At the end of the tour, the visitors come to the treasury, where the considerable part of the famous Loreto treasure is exhibited. Beside the St. Vitus Cathedral treasure, it is the most valuable ecclesiastical treasure in the Czech Republic. It is dominated by the Diamond monstrance, also known as the Prague Sun created at the end of the seventeenth century in Vienna with the use of unbelievable 6 222 diamonds. Since the foundation of Loreta, the Capuchin Brothers (whose monastery with the Church of the Holy Angel Virgin is situated in the neighbourhood) have taken care of Loreta and of the pilgrims.
The Royal Canonry of Premonstratensians at Strahov is one of the oldest monasteries of the Premonstratensian Order in the world. It has been a working monastery practically ever since it was founded in 1143. Fire, the Hussite Wars, religious wars, and the Communists all failed to shut down this institution. Even when the members of the monastery were unable to live within its walls, they gathered wherever they could and nurtured the spirit of their House until they were able to return to the monastery complex.
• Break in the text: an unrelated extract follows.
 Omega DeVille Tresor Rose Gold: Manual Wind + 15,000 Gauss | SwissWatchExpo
The Premonstratensians are an order of canons regular founded in 1120 by St Norbert. They are an integral part of the Roman Catholic Church, not only as an organizational, legal, and independent unit, but also, and especially, they are an integral spiritual element of the Church.
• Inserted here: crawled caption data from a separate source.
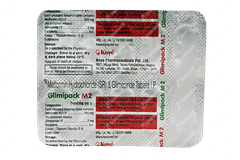 Glimipack M2 Tablet 10 Glimipack M2 Tablet 10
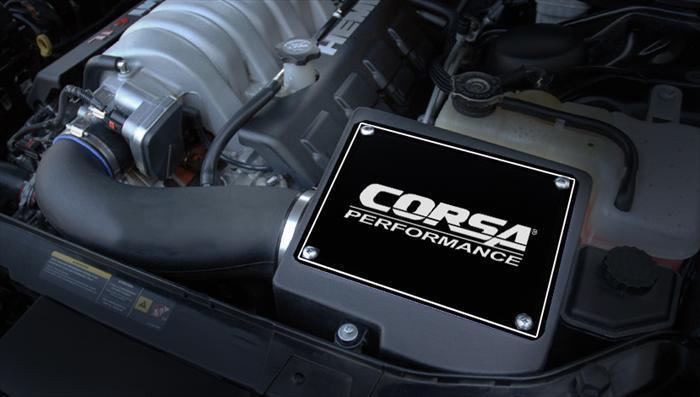 Corsa Chrysler/Dodge 04-10 300/05-10 Charger/05-08 Magnum STR-8 6.1L V8 Air Intake - 0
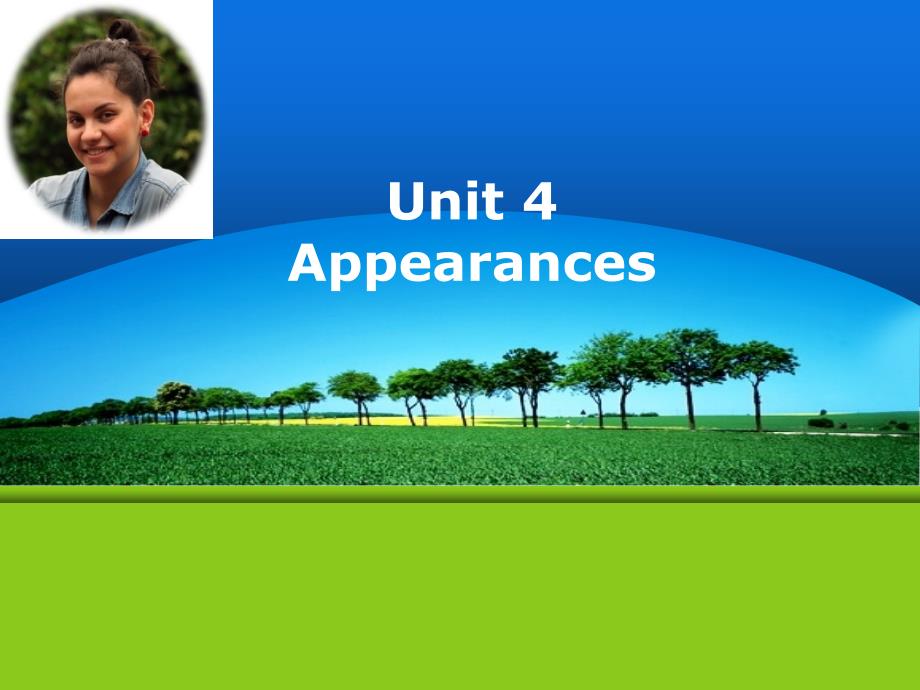 实用商务英语听说第一册Unit 4 Appearances_第1页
Ever since their establishment, a move seen as an attempt to reform canonical and clerical life, the Premonstratensians have tried to live in the spirit of their order's five ends: the singing of the Divine Office, the spirit of habitual penance, a special devotion to the Holy Eucharist, a special devotion to the Blessed Virgin, and zeal for the salvation of souls.
Strahov Abbey and its members also pursue this way of life.
The solemn liturgy which takes place at the Basilica of the Assumption of Our Lady every day, a profound experience of devotion to the Holy Eucharist and to the Blessed Virgin connected with the formation of our own guilt, forms the basis for a life of saving souls, i.e. spreading the Gospel. The Strahov Premonstratensians carry out their work in the parishes entrusted to the abbey and in the parishes of various dioceses in Bohemia, Moravia, Slovakia, Austria, and Germany.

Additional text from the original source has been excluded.